Re: [PATCH] remoteproc: Make rproc_get_by_phandle() work for clusters
From: Mathieu Poirier
Date: Wed Jan 04 2023 - 16:47:03 EST
On Wed, Jan 04, 2023 at 09:56:13AM -0600, Bjorn Andersson wrote:
> On Tue, Jan 03, 2023 at 11:48:56AM -0700, Mathieu Poirier wrote:
> > On Tue, 27 Dec 2022 at 08:11, Bjorn Andersson <andersson@xxxxxxxxxx> wrote:
> > >
> > > On Wed, Dec 14, 2022 at 03:16:43PM -0700, Mathieu Poirier wrote:
> > > > Multi-cluster remoteproc designs typically have the following DT
> > > > declaration:
> > > >
> > > > remoteproc_cluster {
> > > > compatible = "soc,remoteproc-cluster";
> > > >
> > > > core0: core0 {
> > > > compatible = "soc,remoteproc-core"
> > > > memory-region;
> > > > sram;
> > > > };
> > > >
> > > > core1: core1 {
> > > > compatible = "soc,remoteproc-core"
> > > > memory-region;
> > > > sram;
> > > > }
> > > > };
> > > >
> > > > A driver exists for the cluster rather than the individual cores
> > > > themselves so that operation mode and HW specific configurations
> > > > applicable to the cluster can be made.
> > > >
> > > > Because the driver exists at the cluster level and not the individual
> > > > core level, function rproc_get_by_phandle() fails to return the
> > > > remoteproc associated with the phandled it is called for.
> > > >
> > > > This patch enhances rproc_get_by_phandle() by looking for the cluster's
> > > > driver when the driver for the immediate remoteproc's parent is not
> > > > found.
> > > >
> > >
> > > Can you please help me understand why zynqmp_r5_remoteproc_probe()
> > > invokes devm_of_platform_populate() to create platform_device instances
> > > for the clusters?
> > >
> >
> > Platform device instances are created for the individual cores found
> > in the cluster, following the work done on TI's K3-R5[1].
> >
>
> Right, and this is a design pattern that I've been bitten by several
> times by now.
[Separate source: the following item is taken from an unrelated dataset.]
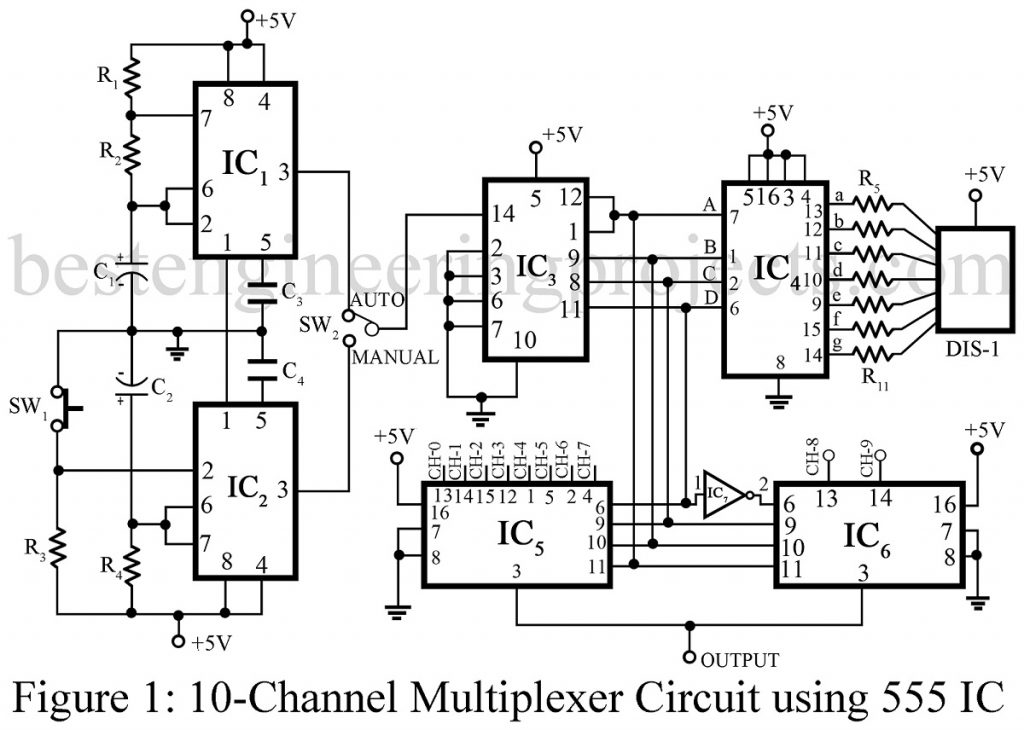 10 channel multiplexer circuit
There's no real purpose of spinning up platform_devices
> for those nodes.
>
Calling of_platform_populate() happened before my time in this subsystem. I
thought you were favourable to it. Can you give one or two examples where it caused
you grief?
> > > Why can't the platform_device for the cluster be used as parent for both
> > > remoteprocs and then the driver deal with the subnodes within the
> > > driver?
> > >
> >
> > That is exactly how things work for both K3-R5 and R5F architectures.
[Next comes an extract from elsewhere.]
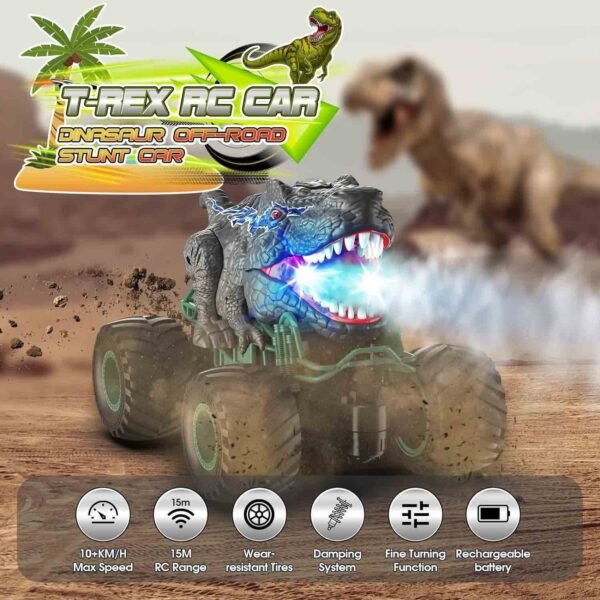 Dinosaur Toys for Boys, 1:16 Scale Remote Control Monster Truck Toys with Spray Roar LED Lights, Kids Toys for 4 5 6 7 8 Year Old Boys Gifts - Image 2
> > That said, if we use the cluster's platform device as parent of the
> > remote processors inside the cluster, function rproc_get_by_phandle()
> > will return the first remote processor it finds with a matching parent
> > rather than the remote processor referenced by the phandle parameter.
> >
>
> I missed the fact that we don't associate either the rproc or the rproc
> device with the of_node, but rather just rely on the fact that
> rproc->dev->parent->of_node is typically is the handle we're looking
> for.
>
> And I don't think we'll return the first instance, because
> rproc->dev->parent->of_node will never match the instance's of_node.
>
My first suggestion was also to use the cluster's device as parent to the remote
processors inside the cluster but it didn't work, though the exact details are
lost in the holiday's fairy dust. Looking more closely at the code I think you
are correct.
>
> I think it would be cleaner to add a of_node to struct rproc and use
> this for matching.
>
I also considered that option but decided to proceed differently because it
duplicates of_node information that is already available and requires
modifications to the drivers already using rproc_get_by_phandle(). Unless
I'm missing something we would still have to call of_platform_populate() to get
the of_node information... And modify the parameters to rproc_alloc(), which
cascades exponentially.
> And I do suggest that we don't of_platform_populate() in the TI driver.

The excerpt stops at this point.